Assuming all the reactants react, the limiting reactant in this case is H2, since the amount of O2 present is greater than the amount needed to react with all the H2. The balanced chemical equation for the reaction is:
2H2 + O2 → 2H2O
Using stoichiometry, we can determine that the maximum amount of water that can be produced is 10.0g H2 x (1 mol H2 / 2.016g H2) x (2 mol H2O / 2 mol H2) x (18.015g H2O / 1 mol H2O) = 89.1g H2O.

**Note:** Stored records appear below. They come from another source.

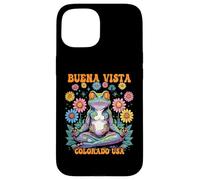 Carcasa para iPhone 15 Buena Vista, Colorado, EE. UU., caprichoso diseño Zen con Forma de Rana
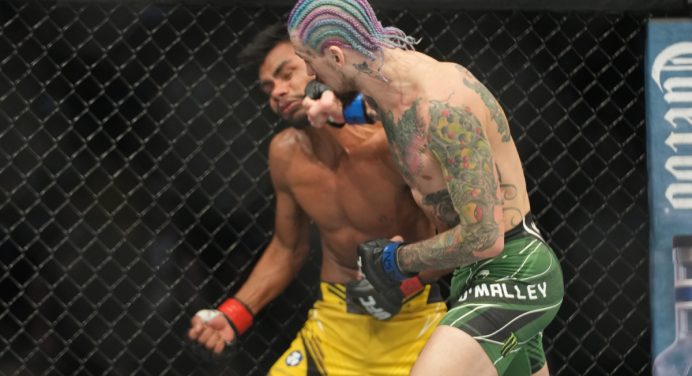 Sean O’Malley nocauteia Raulian Paiva no 1º round do UFC 269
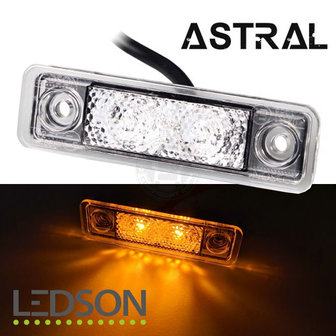 LEDSON - Astral - EASY FIT FEU DE POSITION &Agrave; LED - ORANGE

The excess reactant in this case is O2. To determine the mass of O2 that remains after the reaction is complete, we can use stoichiometry again. Since we know that all the H2 has reacted, we can use the amount of H2O produced to determine the amount of O2 that reacted. The amount of O2 that reacted is 5.0g O2 x (1 mol O2 / 32.00g O2) x (2 mol H2O / 1 mol O2) x (18.015g H2O / 1 mol H2O) = 5.63g O2. Therefore, the mass of O2 that remains after the reaction is complete is 5.0g O2 - 5.63g O2 = -0.63g O2. However, this result is not physically possible, since it implies that we started with less O2 than we actually did. Therefore, we can conclude that all the O2 has reacted and none remains after the reaction is complete.